Revenue from TEL products was up by 31.7% to US$18.7 million, as the Group’s Japanese customer increased orders after recovering from the earthquake in March 2011. VTech also expanded further in Taiwan, and entered into new markets such as Indonesia. In Australia, sales declined moderately as new products have been scheduled for introduction in the second half of the financial year.
Revenue from ELPs in Asia Pacific was US$11.2 million, a 6.7% increase over the same period last year. Sales were higher in China, Korea and Japan, as the Group made further inroads into those markets. Shipment to Australia, ELPs’ biggest market in Asia Pacific, held steady.
CMS revenue in Asia Pacific declined by 8.3% as compared with the first half of the previous financial year to US$21.1 million. In Japan, revenue was lower as sales in marine radio were unable to offset lower sales of consumer LED light bulbs and medical and health products. The handheld radiation detector business returned to normal, as the effect of the earthquake last year receded. However, CMS did achieve strong growth in China and Korea. In China, the enhanced manufacturing facility of CMS, which started operation in November 2011, has helped customers to distribute products in the domestic market more efficiently. In Korea, the Group managed to grow its business with an existing customer.
Other regions include Latin America, the Middle East and Africa. Revenue in the first half of the financial year 2013 was US$34.1 million, down 20.1% as compared with the same period last year. These regions accounted for 3.9% of Group revenue.
Africa and the Middle East recorded growth during the period, but this was more than offset by a decline in Latin America. All product lines saw sales decline in other regions overall. Revenue from TEL products fell by 27.8% to US$19.5 million while revenues from ELPs and CMS decreased by 6.5% and 25.0% to US$14.3 million and US$0.3 million respectively.
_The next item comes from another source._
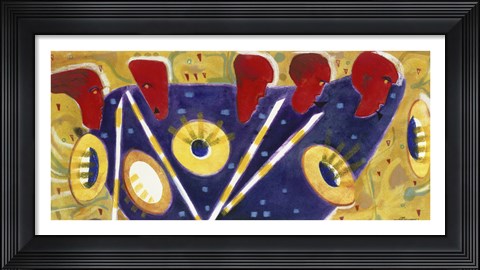 Framed Braggin&#39; in Brass Print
The global economic environment remains challenging. In the US, growth is uncertain, with a lingering high level of unemployment. In Europe, austerity measures are depressing consumer demand. Nevertheless, VTech remains cautiously optimistic of achieving overall top line growth in the financial year 2013. Labour cost and manufacturing overhead will increase further from the first half of the current financial year. Additionally, the Group will continue to invest in Corporate Social Responsibility (CSR) to achieve sustainable development with its people, the community and the environment. As a result, the Group does not expect gross margin to improve, while bottom line growth will be modest.
The operating environment for residential cordless telephones will continue to be difficult in the second half of the financial year. Consumer demand is expected to remain soft, while customers have been delaying replenishment until the last minute. Despite these challenges, VTech will continue to build on its success in SMB and hotel phones, while bringing further innovation to the residential phone market.
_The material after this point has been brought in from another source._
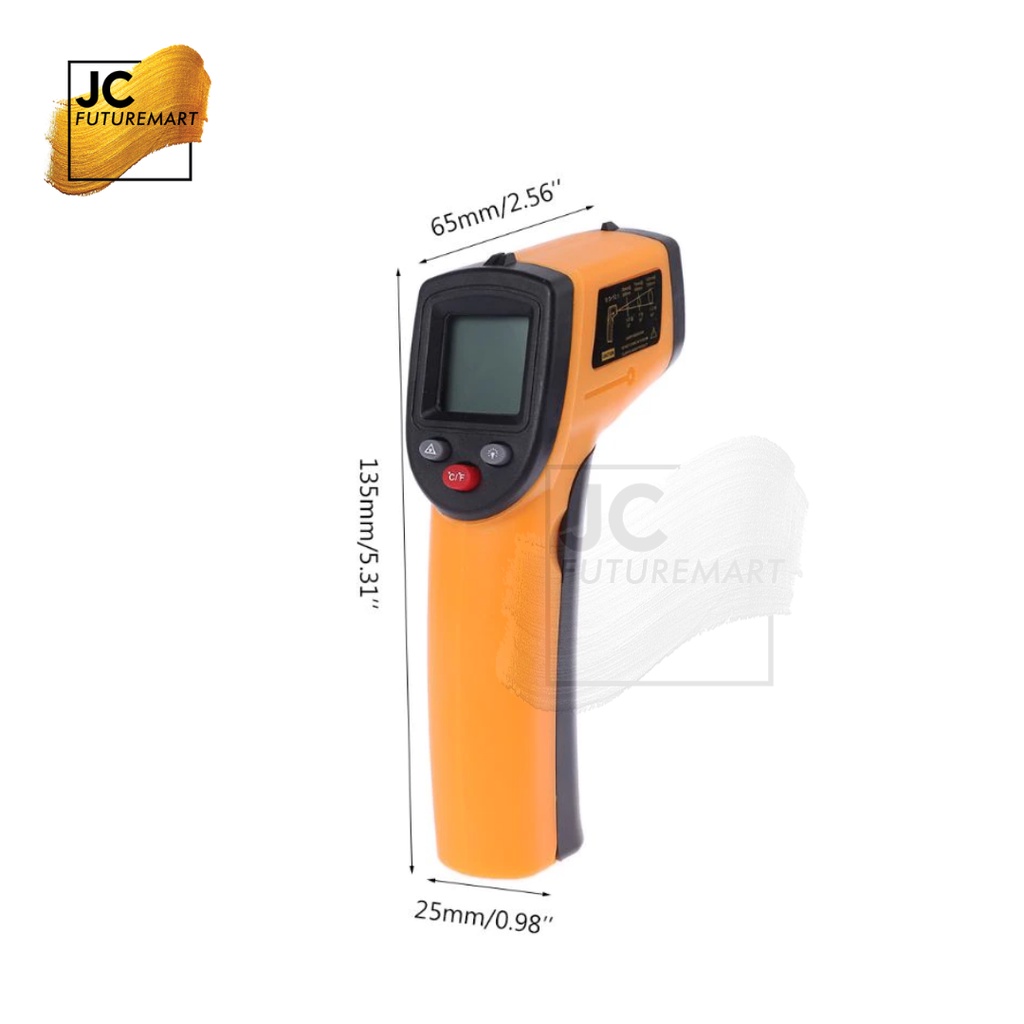 DIGITAL INFRARED THERMOMETER / IR TERMOMETER / LASER TERMO GUN - GM320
In North America, the Group expects sales of commercial phones to increase. With the introduction of the new four-line Small Business System, there is a strong line-up of well-priced, easy-to-install SMB phones. This will enable VTech to extend its market penetration into broader market segments. The Group also expects to ship more hotel phones as its reputation as a reliable supplier increases in this sector.
In the residential phone area, VTech expects to outperform the market. It will launch a new category of phone called CareLine((TM)). Designed to meet the needs of an aging population, these new products offer innovation such as Voice Announce® Caller ID, Voice Command Recognition and a portable safety pendant with no monthly fee. Customer response has been very positive and the line has been started rolling out to the US market since October 2012.
Sales of TEL products via online retailers will also be higher, as the Group continues to increase its effort in expanding these channels.
Although sales of TEL products in Europe have been weak due to the sluggish economy, the Group has started to see some improvement in the order situation. It expects that sales in the second half will improve over the first half of the financial year.
In Asia Pacific, sales of TEL products will pick up in Australia as the Group rolls out new products. The positive momentum achieved in Japan is expected to continue.
VTech expects the positive momentum for ELPs to continue despite the challenging global economic environment. Platform and standalone products are expected to maintain their solid contributions to growth for the full financial year.
In North America, platform products will lead the way in the second half of the financial year, as the Group benefits from the full impact of MobiGo 2 and InnoTab 2. They have been joined since late October by InnoTab® 2S, a further evolution of the line of educational tablets, featuring a secure Wi-Fi connection.
In addition to hardware, VTech is also expanding its cartridge and download offering. The download library, accessible via the Learning Lodge®, already contains over 200 e-book, game, video and music titles. By Christmas this year, over 300 titles will be available for download.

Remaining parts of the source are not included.